Project Proposal:
Parallel Ray Tracing with CUDA
Lingzhang Jiang
Main Project Page

I am going to implement a parallel ray tracer using Cuda.


Ray tracing is a method used for rendering graphics.

The difference between ray-tracing and rasterization (the traditional rendering method) is that ray-tracing employs a per-pixel approach while rasterization employs a per-object approach. The advantage of ray-tracing is that some characteristics of a scene like the shadows and reflections can be computed more accurately. The disadvantage is that it is usually slower.

The basic idea(in pseudocode) is as such:

for each pixel do
  compute viewing ray
  find first object hit by ray and its surface normal n
  set pixel color to value computed from hit point, light, and n


The overall structure of a ray-tracer is inherently parallel as it performs computations per pixel. This means that in theory, it should not be difficult to parallelize a ray tracer program.

The first challenge is to fit a serial ray-tracer program that runs on a CPU into CUDA syntax and have it function correctly. The second challenge is to achieve a respectable speedup with respect to the number of threads launched. Since there is a large divergent execution as some pixels can potentially require a lot more computation than other pixels, it will be difficult toobtain fair workload distribution.

The constraints are with GPU programming. First of all, there will be significant overhead as information has to be transmitted to the GPU before calculations can be performed. Second of all, unlike multi-core CPUs, there is limited communication between threads, making dynamic workload allocation difficult.


I will be using the serial ray tracer(possibly also a CPU-parallel version using Openmp) from 15-462. For the hardware, I will be using the NVIDIA GTX 670 in the Gates cluster. I will also refer to the CUDA reference by NVIDIA and 15-462 notes on ray-tracing.


Plan to Achieve

A functioning parallel ray tracer running on CUDA with respectable speedup over a completely serial implementation. Some benchmarks and analysis on the respective performances on a number of scenes and the possible reasons for this.

Hope to Achieve

Basically the same as above, with better speedup. Implementation of additional features into the basic ray tracer like anti-aliasing, also parallelized.

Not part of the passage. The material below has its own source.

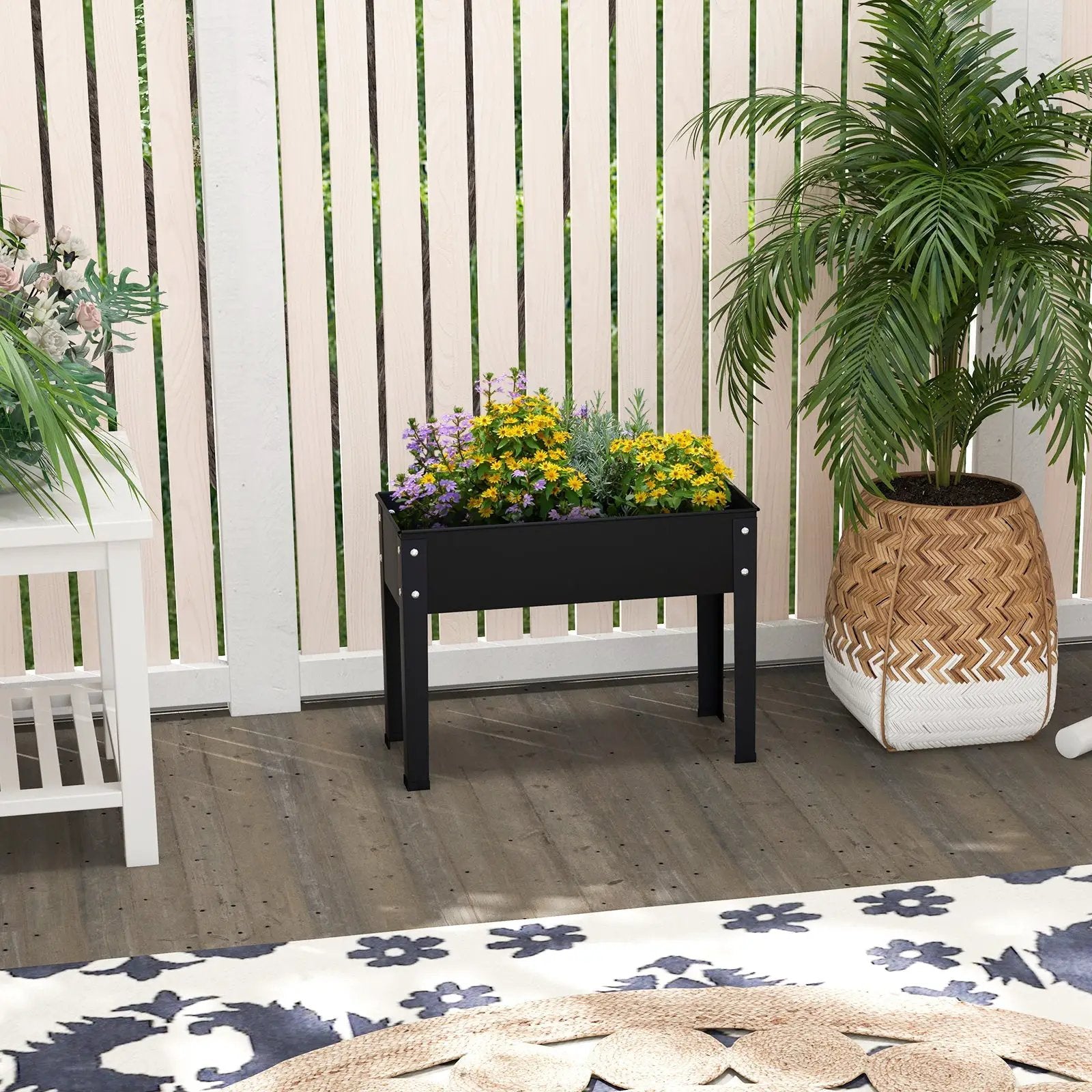 Metal Raised Garden Bed with Legs and Drainage Hole for Vegetable Flower-24 x 11 x 18 inches by DirectDeals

It makes sense to run a ray tracer on the GPU as the GPU has high bandwidth and computing power and can run a large number of threads in parallel. Also, as compared to perhaps using openmpi or blacklight, it is more resource-efficient if the GPU which can be found on a single machine can be utilized to make the ray-tracer run faster.

Proposed Schedule

Week What We Plan To Do
Apr 1-7Think of possible projects.
Apr 8-14Complete the basic ray tracer.
Apr 15-21Port the basic ray tracer to CUDA.
Apr 22-28Run some benchmarks to compare the two versions and optimize the CUDA version.
Apr 29-May 5Complete all optimizations and analysis.
May 6-11Add in cool features to the ray tracer.